Many observers, including us, thought Obama would see a much bigger bounce in the polls from the sweet, sweet justice brought to bin Laden's doorstep. Despite the predictions, Obama's bounce has been one of the smallest in Presidential history for a major national security event. In fact, Shawn Mitchell's rubber band ball got a bigger bounce than Obama.

The folks at Public Opinion Strategies (POS), who we referenced when we first analyzed what the potential polling impact would be, have a five part analysis as to why this bounce is more dead cat than rubber band ball. 

1. This was good news: If you look back at the POS chart — yes, we know, an unfortunate acronym — of the polling bounce of Presidents after major national security events, the events that gave the biggest bounces were bad news, like 9/11 or Pearl Harbor. Good news doesn't cause people to rally around the flag to the same degree.

2. Obama's liberal base was already home: Generally the first subset to give a President a boost in the polls is the base coming home, but in this case, Obama never had a liberal problem. According to POS:  

Gallup had Obama’s approval at 86% with liberal Democrats and at 83% with African Americans. In the week after, his approval with liberal Democrats was unchanged, and his approval with African Americans increased just three points.

We don't fully buy this argument, because we never expected liberals to be most happy about the bin Laden killing. In fact, it’s the whiny Progressive bed wetters who are calling for an end to predator strikes and the Guantanamo detainment of bin Laden's buddies. We thought independents and conservatives would give Obama his biggest boost, but POS's third point explains why this didn't happen.

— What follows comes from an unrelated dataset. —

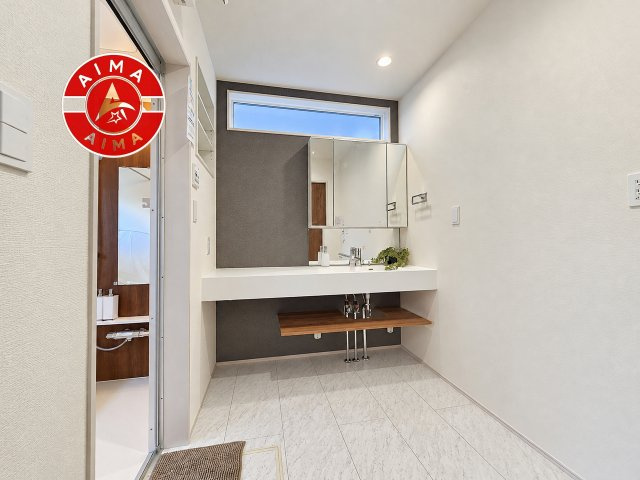 糟屋郡篠栗町和田4丁目第1-2棟（1号棟）の内観：施工例|ゆとりの洗面スペースで朝の身支度もスムーズに。暮らしを快適に変えるシャワー付洗面台です！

3. The public is more informed than ever: In this hyper-informed electorate, with up-to-the-second news on Twitter, endless analysts poring over Obama's every (failed) policy, and Facebook political discussions occuring round the clock, voters already have a pretty filled in picture of Obama. If you hate Obamacare (we do), his Cabinet (Fire Salazar), and his knee-jerk liberal and big government response to most issues, then this one event isn't likely to shade your view of Obama much. 

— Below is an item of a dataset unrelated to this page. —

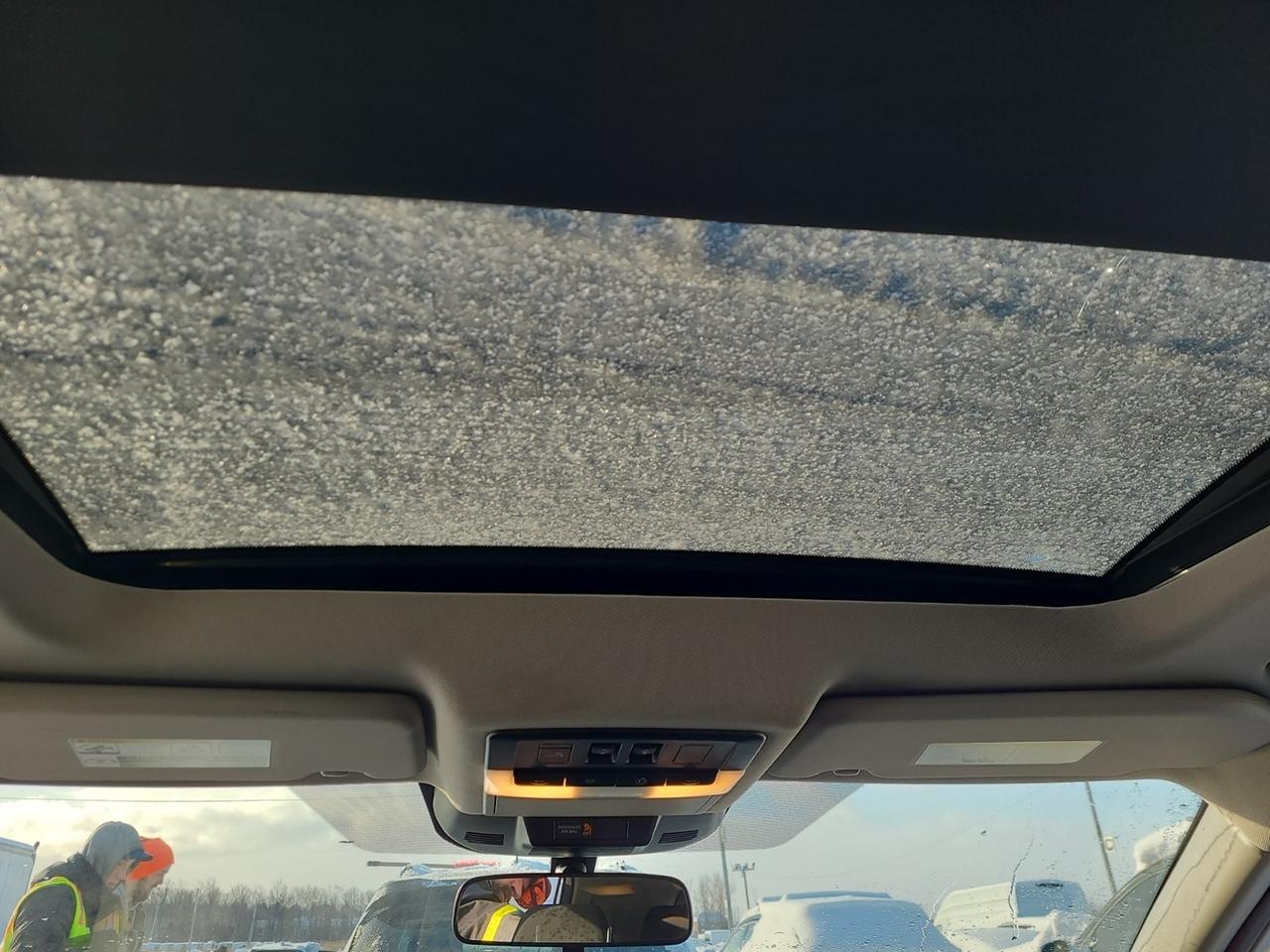 2024 Nissan Rogue SV MOONROOF Photo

4. The economy continues to dominate the issue agenda: As we pointed out on Tuesday, a NBC poll had Obama registering the lowest approval rating ever for his economic policies at a bargain basement 37%. If gas prices stay high, unemployment even higher, and voters (rightly) have the sense that Obama's government excesses are causing more harm than good, then that leaves little room for positive increases in your view of Obama. Bin Laden may be dead, but being unemployed or in fear of losing your job makes a bigger difference to you.

5. There is no telling the impact of the White House messing up the narrative: This one, we feel, underscores Obama's Presidency, in that it was the best moment of his Presidency and he still couldn't get it right. First they reported that bin Laden had used his wife as a shield and died in a firefight with the SEALs. Then they tell the public that, in fact, it wasn't his wife and she wasn't used as a shield. And then they say that actually bin Laden wasn't armed. A long line of corrections and retelling of the story led to a press corps and public scratching their heads as to why Obama and his administration couldn't get this slam dunk narrative right. Bin Laden is dead thanks to Obama's decision to order the raid and yet Obama finds a way to look incompetent. In the days when the administration was supposed to sit back and enjoy the glow of success, instead they were making one correction after another.

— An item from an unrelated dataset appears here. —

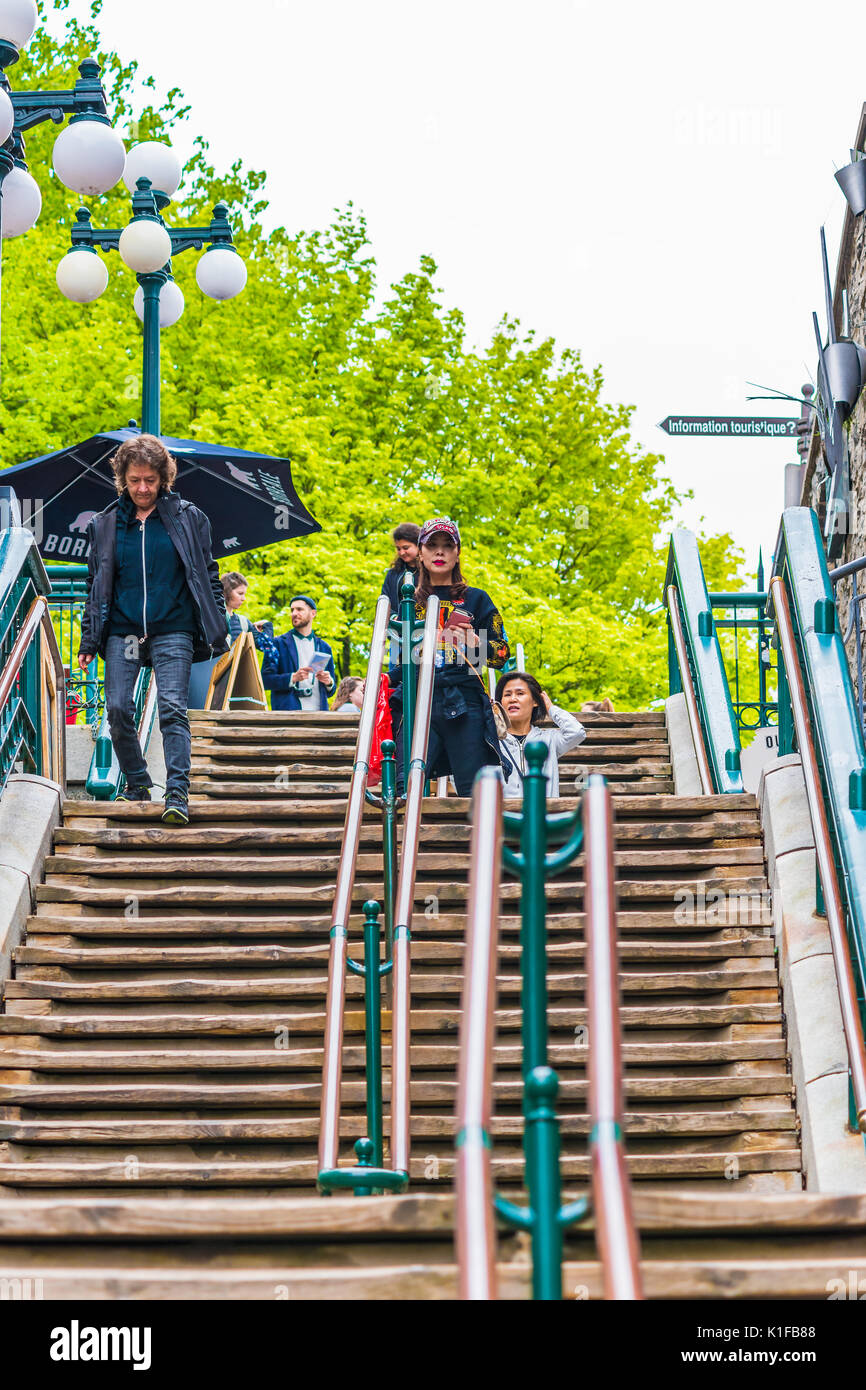 La Ciudad de Quebec, Canadá - 30 de mayo de 2017: Gente caminando famosas escaleras o escalones en la parte inferior de la ciudad vieja calle Rue du Petit Champlain por restaurantes Foto de stock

We were shocked at first that Obama didn't get a bigger bounce, but these five reasons put forth by Public Opinion Strategies seem to explain it quite well. People already know Obama as President and they don't like what he's doing. The economy is still in the tank, while filling up your tank takes practically your entire personal economy. Even killing the face of Evil isn't going to erase that from people's minds.